Der Feminismus und sein beschleunigter intergenerationeller Einfluss bei der Erzeugung von Spannungen in den neuen Subjektivitäten von Mädchen und Jugendlichen wird angeprangert: "sie lehren sie, wütend zu sein, zu konfrontieren, sie scheinen verärgert zu sein", "man kann nichts mehr sagen", während sie erklären, warum "natürlich" Mädchen gerne mit Puppen spielen. Wir sind die "Spielverderber", wie Sara Ahmed sagt, und zögern nicht, die sexistische Gewalt, die uns umgibt, in alltäglichen Räumen herauszufordern. Indem wir dem hartnäckigen Versuch, die dicken Mauern des Patriarchats niederzureißen, nachgeben, ruinieren wir den bequemen Alltag der Unterdrückung.
Wenige Tage bevor die Weltgesundheitsorganisation die Pandemie ausrief, haben Millionen von Frauen am 8. März 2020 auf den Straßen der Welt, die Knochen eines alten, aber widerstandsfähigen Herrschaftssystems zermalmt.
Seit 2017 können wir eine zunehmende Explosion der feministischen Auseinandersetzung feststellen, eine populäre, vielfältige und violette Kraft, die wächst und zurückschlägt, die die verschiedenen Gesichter unserer Forderungen zum Ausdruck bringt, die sich als ein Mittel des Kampfes, als eine dringende Anklage ausbreitet.
Die feministische Revolution liegt in der Luft, man kann sie atmen. Es gibt kein Zurück, aber in diesem historischen Moment können wir neue Manifestationen des Widerstands gegen die Transformation beobachten. Selbst wenn die Beweise uns Recht geben. Obwohl der Aufruf zur Beendigung der Gewalt ein legitimes und kollektives Bestreben ist, gibt es Menschen, die in diesen Zeiten als erstickender, nicht atembarer Rauch leben.
Die Macht des Feminismus verunsichert die zu Gehorsam rufenden Mächte, und es ist möglich, die antifeministische Gegenoffensive, die die konservative Reaktion hervorbringt, klarer zu identifizieren.

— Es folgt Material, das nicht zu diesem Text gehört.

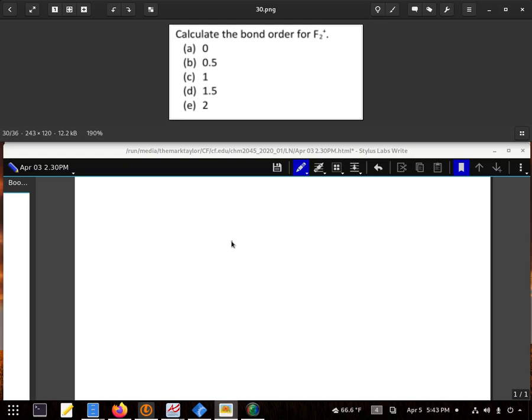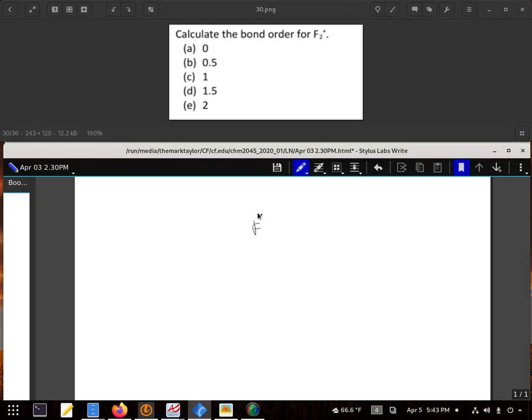Our basic simplification is, since it is F₂, we know F₂ does on the Lewis structure just have a single bond. And the positive either makes it go up by a half or down by a half, so if we have to guess, it's only going to be B or D.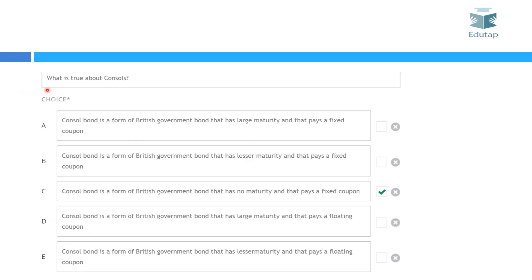The next question was: 'What is true about consoles?' This question was very easy but many people didn't know that consoles are the same as perpetual bonds. In our notes it was clearly given that perpetual bonds and consoles are the same, so if you knew about that you could have easily solved this question. Again, this was easy marks on the table for you.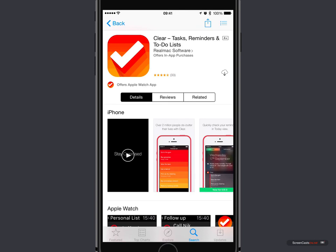It's $4.99, and there are some in-app purchases as well, but we'll have a look at those later. There is also a Mac version available in the Mac App Store if you want to synchronize with the Mac. You can use iCloud to synchronize, so all your tasks, all your to-do lists that you create are actually synchronized via iCloud.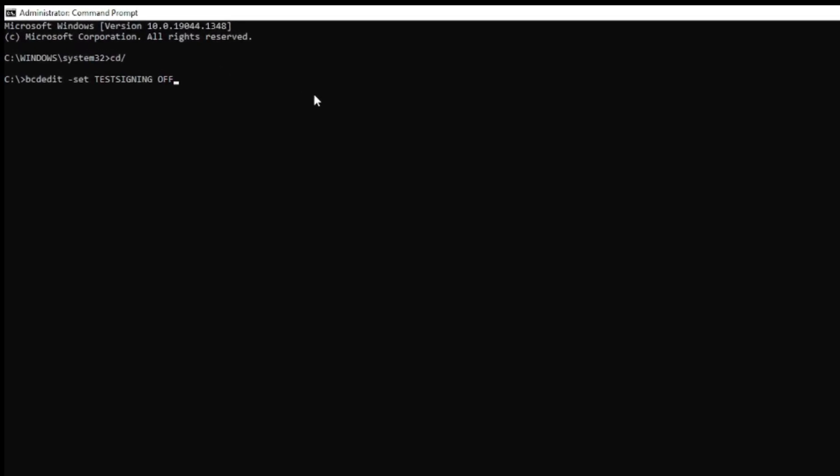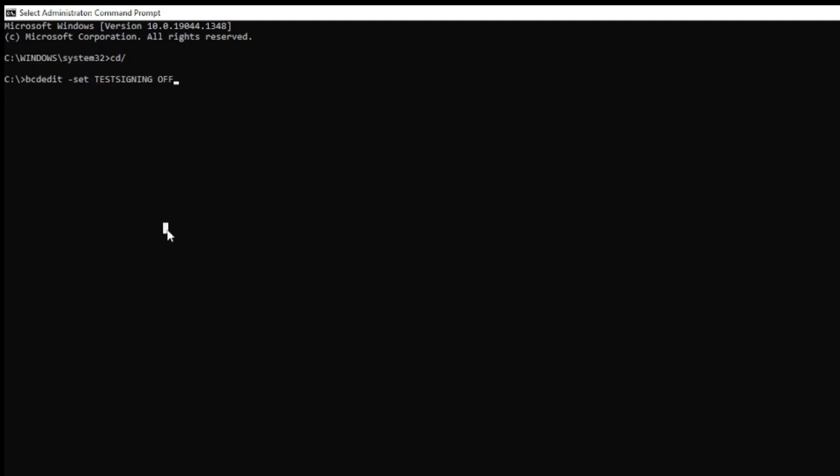You want to type in bcdedit, all one word, space dash set space testsigning space off. Like right there. Then hit enter.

In kurzer Zeit hat der Anti-Feminismus die konservativen Sektoren ermutigt, die ihren tiefen Hass auf Frauen öffentlich zum Ausdruck gebracht haben. Sie sind es, die uns als "Feministinnen" abstempeln, die ein für einige wenige funktionierendes Weiblichkeitsmodell fördern, die versuchen, Frauen wieder in die häusliche Welt zurückzudrängen. Angesichts des Fortschritts klammern sie sich an das heiße Eisen der Gewalt, der Schmach.
Dieser expansive Machismo lässt sich an der ständig verharmlosenden Vision ablesen, die einige Sektoren gegen die feministische Bewegung ins Feld führen. Die Errungenschaften werden immer von der hegemonialen Kultur verdrängt werden, der gleichen, die von einer "Erbsünde", von einem Paradies und einer Hölle spricht.
Der Schutz der Grundrechte ist eine Voraussetzung für die Gewährleistung der Demokratie. Unsere Forderungen basieren auf dem Kampf aller Frauen, auf der Öffnung immer größerer, integrativerer und vielfältigerer Räume.
Strukturelle Ungleichheiten stellen einen Konfliktraum dar, dem wir nicht nur nicht ausweichen können, sondern den wir anprangern, aneignen und lösen müssen.
Die Aneignung des Konflikts impliziert eine Verpflichtung zur Transformation; eingebürgerte Unterdrückung zerstört auch unsere gemeinschaftlichen Bindungen. Es scheint nicht wahr zu sein, aber es sind Zeiten, in denen wir wiederholen müssen, was offensichtlich scheint: Die Erde ist nicht flach, und es ist an der Zeit, dem Modell der zensur-ausübenden Bürgerschaft als Bezugsrahmen zu widerstehen, der Machtverhältnisse festlegt und kristallisiert: das Modell des Mannes an sich, als Eigentümer, national und weiß.